The signs are there that Trump might just be the one to finish the list
'The Plan' referred to there is, of course, the Project for a New American Century when Rumsfeld and his goons were at the DoD. And I understand the conversation reported was from 2001 when they'd recently come to power and were full of themselves with what they were going to achieve.
Obviously Iraq was the one on that list they went for first and it was such a disaster - for the people of Iraq, for the US, for regional stability, for the stability of global geopolitics - that the idea of enforcing global US hegemony through military might was recognised as an over ambitious dream and PNAC folded in 2006 (naturally claiming 'job done').
Sudan also had plentiful problems in the PNAC period, but I'm not sure how much the Darfur civil war/genocide can be pinned on the US. Al-Bashir started the period having mutual emnity with the US, but came to heal in the war on terror and the janjaweed and other militias were supported by Libya, another country on the tick list.
Somalia is a weird one to have on the list as by 2001 there was no functioning Somali state, the country having descended into warlordism. It's probably there because of the US's embarrassing failures there in the 90s.
With the end of the Bush administration in 2009 The Plan was probably dead, but that doesn't mean US geopolitical interests had changed and when opportunities arose for regime change in countries the US state dislikes Obama was happy to grab them.
So when the Benghazi revolution happened in Libya and Sarkozy & Cameron were jumping up and down saying something must be done the US was all
well okay then. The US was happy to bomb the Libyan rebels to victory against Ghaddafi without a thought for the consequences, which have been a disaster for the country and region.
When the uprising against Assad happened in Syria the US was happy to provide support to the rebels
When Netenyahu decided to invade Lebanon to destroy Hezbollah Biden has been happy to let him get on with it using US supplied weapons, making anyone else who might get involved back off with a carrier fleet or three.
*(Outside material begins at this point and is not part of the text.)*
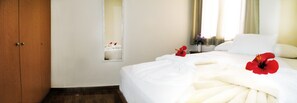 Superior Apartment | Egyptian cotton sheets, premium bedding, down comforters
But I'm not sure these post Bush actions are part of The Plan, rather business as usual post '45 US foreign policy promoting the US state's perceived strategic interests as the cost of uncountable lives and chaos.
Hawks in the US would love to go after Iran, but that's always been an awkward challenge for the US militarily and geographically. And it's complicated by the current world order with an assertively forward Russia, it's economy geared to war after their Ukrainian adventure (however that ends; badly for Ukraine presumably), being friendly with Iran and China in opposition to US aims of being global number one. Quite where all this will go with Trump's next presidency is anyone's guess.